Drawing from the findings, the EDUCATE framework was developed to support both the doing and teaching of data science in pre-service teacher education. It provides a flexible, practice-informed structure that aligns data science processes with critical pedagogical considerations, offering a pathway for teacher educators to meaningfully incorporate data science into their programmes. The framework acknowledges the complexity and dynamic nature of data science, while remaining accessible and relevant for pre-service teachers who are not data science specialists.
In addition to the conceptual framework, the report highlights key pedagogical considerations for implementation, including context, key curriculum ideas, tools and assessment. These considerations are not intended as instructional prescriptions, but rather as guiding prompts to support pre-service teachers preparing to bring data science into their future classrooms. These considerations also complement the framework by addressing key pedagogical concerns such as selecting meaningful contexts, aligning with curriculum goals, choosing appropriate tools, and assessing student understanding in authentic ways. These considerations are particularly important given the distinctive challenges of teaching data science, especially the use of complex, real-world datasets that differ significantly from those typically used in statistics education.

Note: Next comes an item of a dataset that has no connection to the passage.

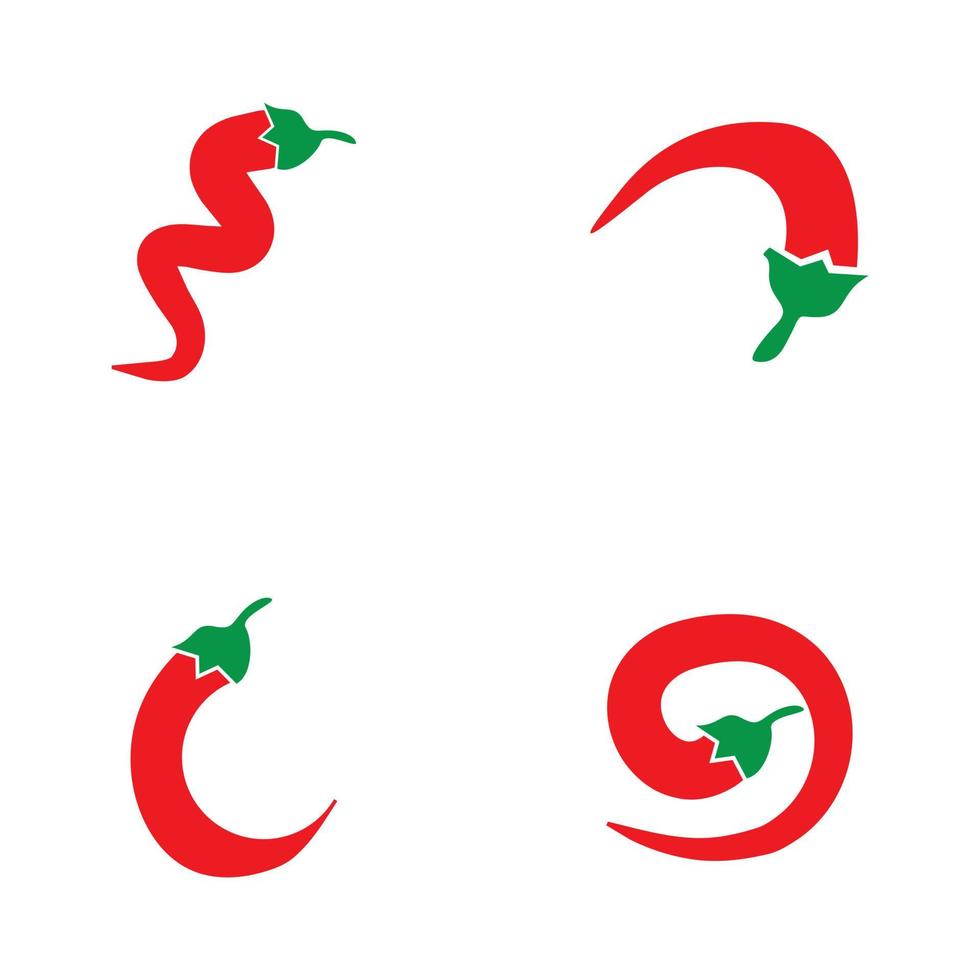 cenografia do logotipo do red hot chili vetor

Taken together, the framework and the accompanying considerations contribute to ongoing efforts to develop data-literate teachers who can foster critical, inquiry-based, and ethically grounded engagements with data in their future classrooms. The EDUCATE framework is intended to be flexible and adaptable, allowing teacher educators to emphasise different processes and practices depending on grade level, curricular alignment, and available resources. In doing so, it provides a shared language and structure for thinking about data science education in schools, while leaving space for professional judgement and contextual adaptation. As the digital and data landscape continue to evolve, supporting teachers to navigate data science thoughtfully and responsibly will remain central to preparing students for participation in an increasingly data-intensive world.